While presenting a litany of gun control measures for Congress to consider, President Obama suggested that “40% of all gun purchases are conducted without a background check.”
In other words, 40% of gun sales are private.
While he was still speaking, one of my friends texted me and asked: “How does Obama know how many guns are sold privately? The fact that it’s ‘private’ means it’s not public.”
So I started looking through databases for references to this figure, and I soon found myself reading a 2011 study by NYC Mayor Michael Bloomberg titled, “Point, Click, Fire: An Investigation Into Illegal Online Gun Sales.”
According to the study, “40% of guns are sold through private sellers.” Moreover, the study claims that “these sales–which take place in many venues, including gun shows and, increasingly, on the internet… fuel the black market for illegal guns.”

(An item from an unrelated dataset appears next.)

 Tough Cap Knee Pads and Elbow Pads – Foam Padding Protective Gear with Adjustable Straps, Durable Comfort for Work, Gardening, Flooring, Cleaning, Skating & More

Many parts of this assertion are factually flawed or, at the least, very misleading.
First off, the figure of 40% doesn’t represent new guns but guns already in circulation, which are being resold on a secondary basis. The intimation that 40% of new guns are being sold illegally is simply myth-making at best, lying at worst.
What’s really happening is that people who think like Bloomberg and Obama are guessing that a certain percentage of firearms in the hands of Americans have no paperwork on them because their original sale predates background checks. Thus, their goal is to seal off avenues for private sales in order to force Americans to enter those guns into the system.
As for selling guns on the Internet to avoid background checks, that’s another stretch. If a citizen buys a gun from a store via the internet, that gun has to be shipped from a dealer with an Federal Firearms License (FFL) to another dealer with a FFL.
In other words, if a resident of Denver bought a gun from a store in Tampa, the FFL in Tampa would send the gun to an FFL in Denver. Once it arrived, the buyer would pay a fee for shipping, taxes on the gun, as well as any mark-up for services. He would also have to submit to a back-ground check just as if he had bought the gun off a shelf in Denver.
The idea that 40% of gun sales are private is meant to confuse Americans and make them think there is a breakdown in the system somewhere. But there’s not.